__INFORMATION PROVIDED__
☆ ☆ ☆ ☆ ☆ ☆ ☆
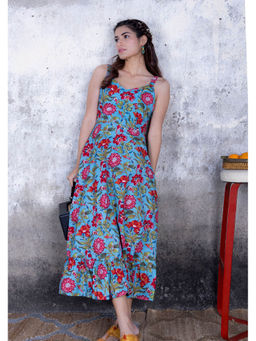 Maitri Jaipur - Teal Blue Floral Print Midi Dress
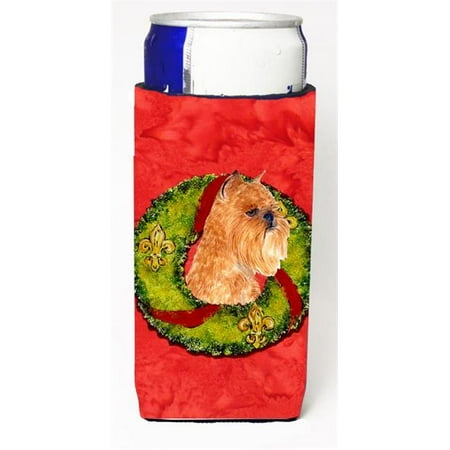 

Brussels Griffon Christmas Wreath Michelob Ultra bottle sleeves For Slim Cans - 12 oz.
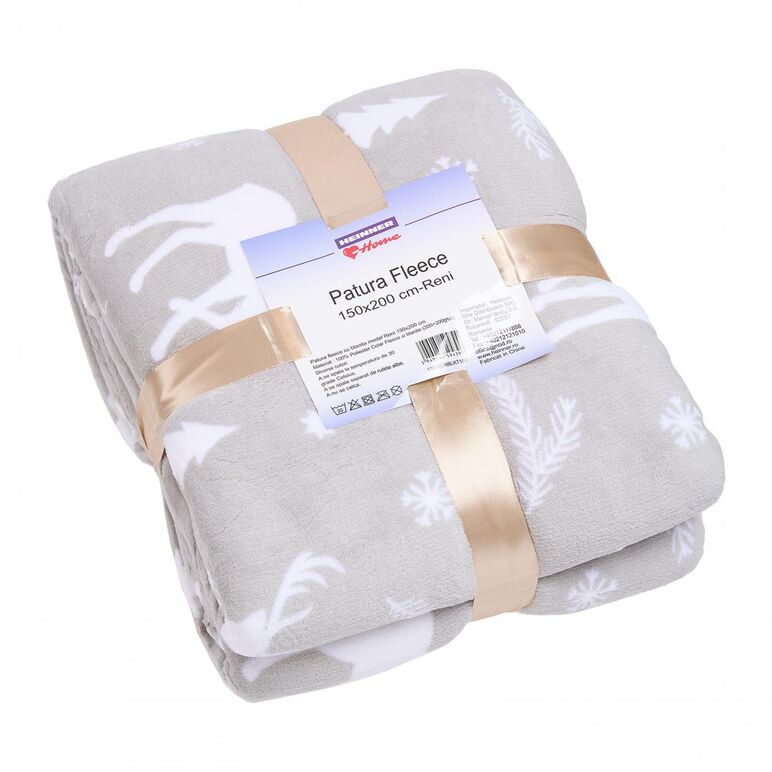 Patura fleece 150x200 cm-reni, gri,  Paturi si Cuverturi | electropc.ro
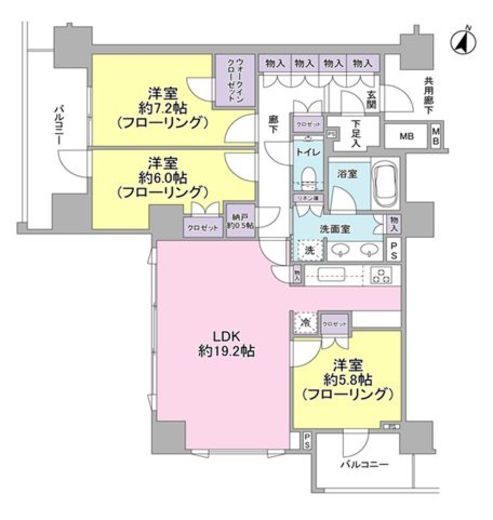 ブランズ渋谷常盤松 4階 間取り図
☆ ☆ ☆ ☆ ☆ ☆ ☆
The pictures are not wanted, but every line of the listing should be duplicated exactly.

__TASK SOLUTION__
 Maitri Jaipur - Teal Blue Floral Print Midi Dress

Brussels Griffon Christmas Wreath Michelob Ultra bottle sleeves For Slim Cans - 12 oz.
 Patura fleece 150x200 cm-reni, gri,  Paturi si Cuverturi | electropc.ro
 ブランズ渋谷常盤松 4階 間取り図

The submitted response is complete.